→ **WHAT YOU ARE ASKED TO DO**: Output, exactly as written, the lines below from the one that has "Appareil de test" through the one that has "Audi a3 седан"; nothing else, and no pictures.

→ **DATA SUPPLIED**:
---------------
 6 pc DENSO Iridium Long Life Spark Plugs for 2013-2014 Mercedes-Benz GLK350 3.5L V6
---------------
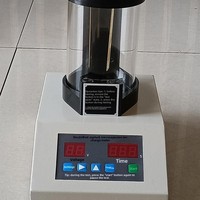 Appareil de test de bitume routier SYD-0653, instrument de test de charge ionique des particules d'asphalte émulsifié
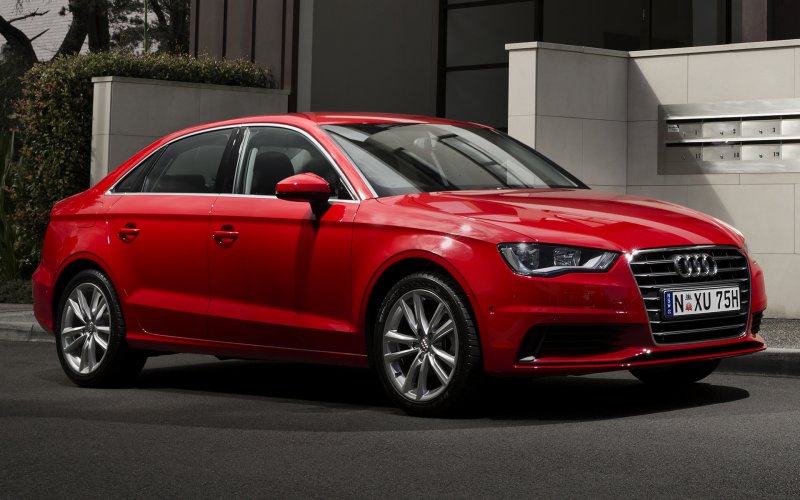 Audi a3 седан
---------------
→ **ANSWER TO THIS TASK**:
 Appareil de test de bitume routier SYD-0653, instrument de test de charge ionique des particules d'asphalte émulsifié
 Audi a3 седан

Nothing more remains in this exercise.